今日の平和と繁栄が、戦没者の皆様の尊い犠牲の上に築かれたものであることを私たちは片時たりとも忘れません。改めて衷心より敬意と感謝の念を捧げます。
未だ帰還を果たしていない多くのご遺骨のことも脳裡から離れることはありません。一日も早くふるさとに戻られるよう全力を尽くしてまいります。
戦後、我が国は平和を重んじる国として、ただ、ひたすらに歩んでまいりました。世界をより良い場とするため、力を尽くしてまいりました。
戦争の惨禍を二度と繰り返さない。歴史と謙虚に向き合い、どのような世にあっても、この決然たる誓いを貫いてまいります。争いの温床となる様々な課題に真摯に取り組み、万人が心豊かに暮らせる世の中を実現する、そのことに不断の努力を重ねてまいります。今を生きる世代、明日を生きる世代のために、国の未来を切り拓いてまいります。
終わりに、いま一度、戦没者の御霊に平安を、ご遺族の皆様にはご多幸を心よりお祈りし、式辞といたします。
幾つかの感想を述べておきたい。
天皇皇后には「ご臨席を仰ぎ」と最大限敬語を使い、主役であるはずの国民(遺族)については「ご列席を得て」。国民主権の今の世にこれでよいのか。言葉遣いに、もっと工夫があってしかるべきだろう。
首相式辞には、御霊(みたま)が4度出てくる。
「…亡くなった御霊(みたま)、いまその御前(みまえ)にあって、御霊(みたま)安かれと心よりお祈り申し上げます」。まるで、靖国神社の祝詞ではないか。耳障りであるし、宗教色を払拭するよう、意識的な批判が必要だと思う。

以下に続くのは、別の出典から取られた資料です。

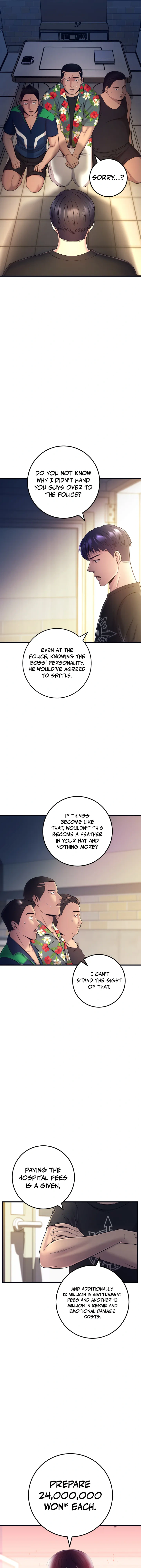 Read I’ll Be a Villain in This Life Manga Online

「戦争の惨禍を二度と繰り返さない。歴史と謙虚に向き合い、どのような世にあっても、この決然たる誓いを貫いてまいります。争いの温床となる様々な課題に真摯に取り組み、万人が心豊かに暮らせる世の中を実現する、そのことに不断の努力を重ねてまいります。今を生きる世代、明日を生きる世代のために、国の未来を切り拓いてまいります。」は、具体性はともかく、まことにそのとおりだと思う。
この文章の内容にまったくふさわしからぬ人物が朗読していることが悲しい。この人には、「歴史と謙虚に向き合え」「あらゆる差別をなくせ」「格差と貧困をなくす政治を志せ」「近隣諸国との緊張を煽るな」「老にも幼きにも十分な福祉政策を」、そして「9条改憲の策謀をやめよ」と言わねばならない。
「今日の平和と繁栄が、戦没者の皆様の尊い犠牲の上に築かれたものであることを私たちは片時たりとも忘れません。」は、常套句だが違和感を抑えることができない。戦死は、あるいは戦没は、はたして「尊い犠牲」だったのだろうか。圧倒的多数の戦死は、「強いられた、悲惨な死」であったはずではないか。遺族への慰めとなる美辞麗句を探して「強いられた、悲惨な死」を美化することで、この死をもたらした者の責任を糊塗する意図が透けて見えるように思える。
式典での天皇の追悼文は、以下のとおり。
本日、「戦没者を追悼し平和を祈念する日」に当たり、全国戦没者追悼式に臨み、さきの大戦において、かけがえのない命を失った数多くの人々とその遺族を思い、深い悲しみを新たにいたします。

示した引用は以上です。